5. That at the suit of the first mortgage bondholders a receiver was appointed by the United States court having jurisdiction on April 9, 1884, the suit being to foreclose their lien on the Rio Grande & Pecos Railway, and the receiver took possession of all the property of said road.
“6. That on June 11, 1884, a special master in chancery was appointed by the court, who was directed to ascertain and report upon all claims which might be presented to him against said railway company, and of all persons having or asserting any liens or claims by judgment or otherwise prior to the first mortgage bonds, and upon all claims entitled to preference of payment out of the proceeds of said railway, which was to be sold to satisfy the demands of the creditors of said railroad and the mortgage lien thereon foreclosed.
7. That due notice was given to the plaintiff and all creditors to present their claims before said master; that plaintiff presented said judgment to the master as a claim to be paid out of the proceeds of said railroad, which claim was not allowed by the court.
“8. That about June 20, 1885, the Rio Grande & Pecos Railway was sold by order of the court, to be held and possessed by the purchaser free from all liens and encumbrances whatsoever, and the proceeds thereof were ordered to be applied to the payment of the mortgage bonds, after-payment of all claims allowed by the court as having preference over said bonds.
9. That defendant, the Rio Grand & Eagle Pass Railway Company, is the owner of all the property of the Rio Grande & Pecos Railway Company, having acquired the same by purchase at the trustee’s sale made by order of the United States Circuit Court, which order decreed that the purchaser should acquire free from all liens and encumbrances whatsoever.”
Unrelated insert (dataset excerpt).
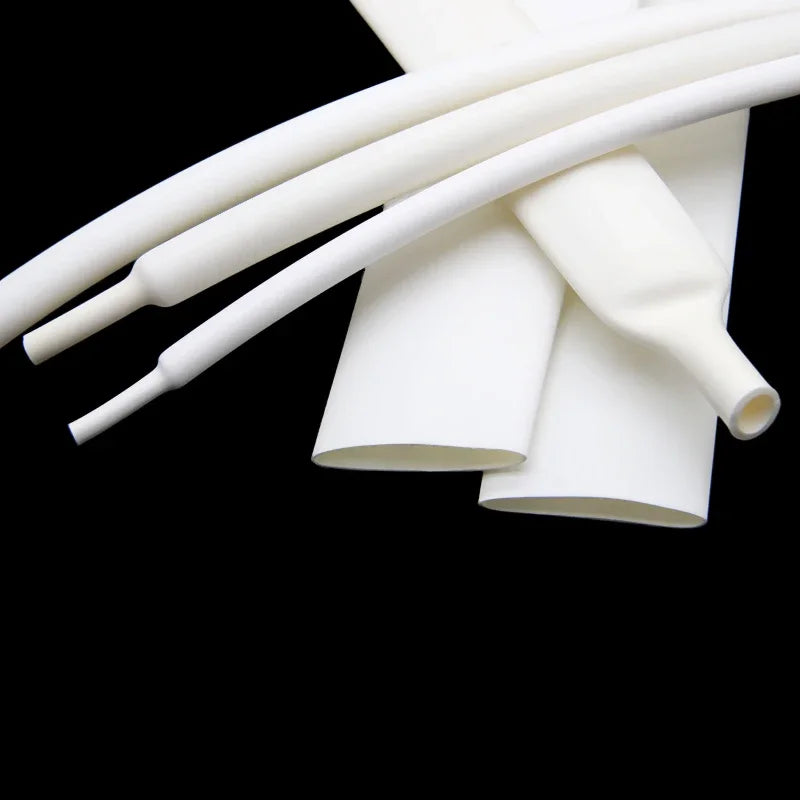 1/3/5/10M 3:1 White Dia 1.6mm - 39mm Heat Shrink Tube Adhesive Lined Polyolefin Thermal Cable Insulated Waterproof Sleeve White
It is insisted that the judgment is erroneous; first, upon the ground that the plaintiff having elected to sue the Rio Grande & Pecos Railway [606]*606Company for damages for appropriating his land, without asserting his lien in that action, had waived the lien, if any ever existed; second, for the reason that his right of asserting a lien and of claiming any recovery against appellant Avas concluded by the action of the United States court upon his claim; and third, because the plaintiff, even if entitled to recover anything, was not entitled to recover the damages as assessed in the former suit between him and the former company.

In regard to the first ground, we are of the opinion that the plaintiff was not bound to show that he had a lien upon the property in order to maintain this action. As we construe the statement the Rio Grande & Pecos Railway Company entered upon his land and made use of so much of it as was needed for its right of Avay for railroad purposes, without having resorted to the method provided by laAv for its condemnation to that use. The company, by virtue of its franchises, had the right to appropriate the land, provided it first paid a just compensation to the owner, to be assessed in the manner prescribed by the statute. This the plaintiff could not prevent. But the company having already occupied the land without either the payment or assessment of any compensation, he had íavo methods of enforcing his rights. The first was by an action for the recovery of the land, which would have forced the company to take the statutory measures for its condemnation; and the second was to bring a direct action to recover his damages for the appropriation of the land. Railway v. Benitos, 59 Texas, 326.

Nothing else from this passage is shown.